(Input data):
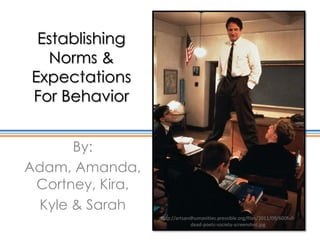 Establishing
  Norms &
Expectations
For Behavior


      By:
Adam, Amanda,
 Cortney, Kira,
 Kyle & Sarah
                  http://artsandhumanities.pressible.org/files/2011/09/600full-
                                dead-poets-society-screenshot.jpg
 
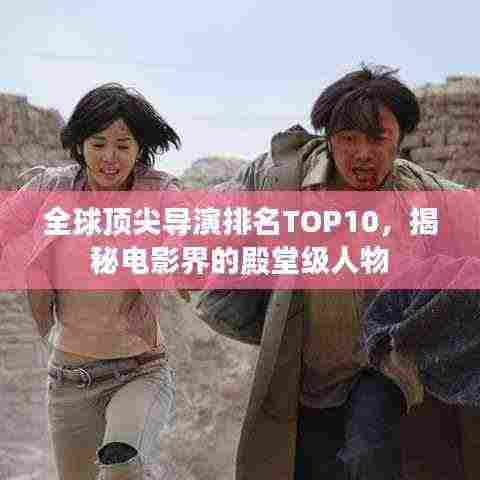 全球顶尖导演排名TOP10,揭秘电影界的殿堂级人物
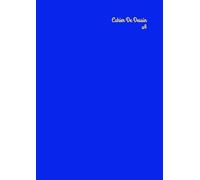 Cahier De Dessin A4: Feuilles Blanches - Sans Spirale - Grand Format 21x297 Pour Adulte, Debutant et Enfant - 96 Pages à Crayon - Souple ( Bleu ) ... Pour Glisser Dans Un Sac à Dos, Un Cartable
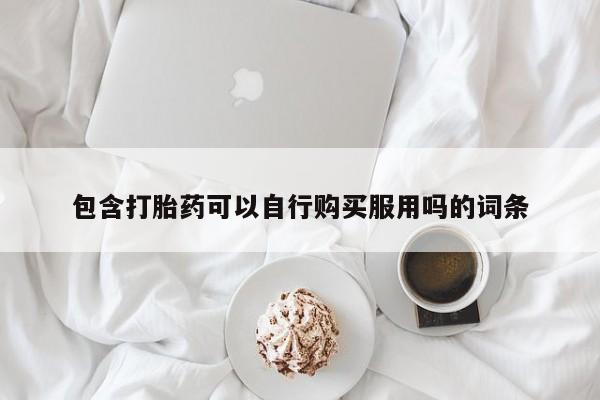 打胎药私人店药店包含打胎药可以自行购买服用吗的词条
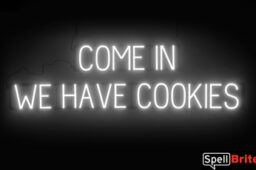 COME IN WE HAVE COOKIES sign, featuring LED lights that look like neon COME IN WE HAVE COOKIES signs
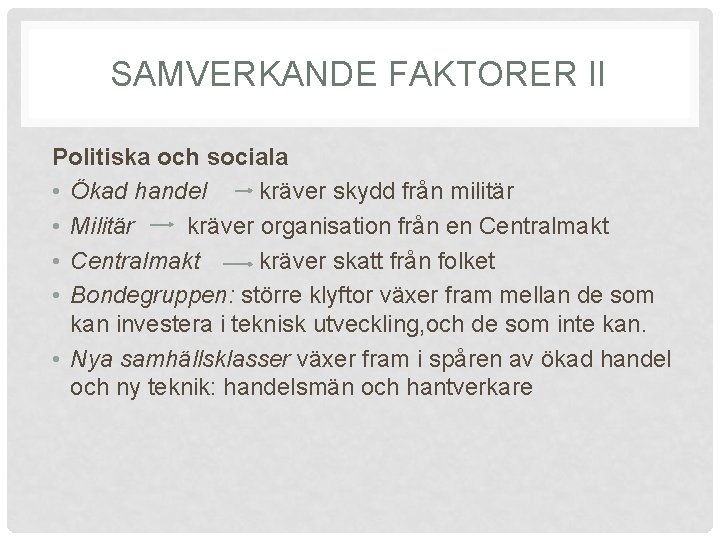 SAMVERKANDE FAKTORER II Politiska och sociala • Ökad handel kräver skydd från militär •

(Problem statement): Pictures excluded, copy the lines exactly from where the material starts to the line with "COME IN WE HAVE COOKIES sign, featuring", inclusive.

(Response below):
 Establishing
  Norms &
Expectations
For Behavior


      By:
Adam, Amanda,
 Cortney, Kira,
 Kyle & Sarah
                  http://artsandhumanities.pressible.org/files/2011/09/600full-
                                dead-poets-society-screenshot.jpg
 
 全球顶尖导演排名TOP10,揭秘电影界的殿堂级人物
 Cahier De Dessin A4: Feuilles Blanches - Sans Spirale - Grand Format 21x297 Pour Adulte, Debutant et Enfant - 96 Pages à Crayon - Souple ( Bleu ) ... Pour Glisser Dans Un Sac à Dos, Un Cartable
 打胎药私人店药店包含打胎药可以自行购买服用吗的词条
 COME IN WE HAVE COOKIES sign, featuring LED lights that look like neon COME IN WE HAVE COOKIES signs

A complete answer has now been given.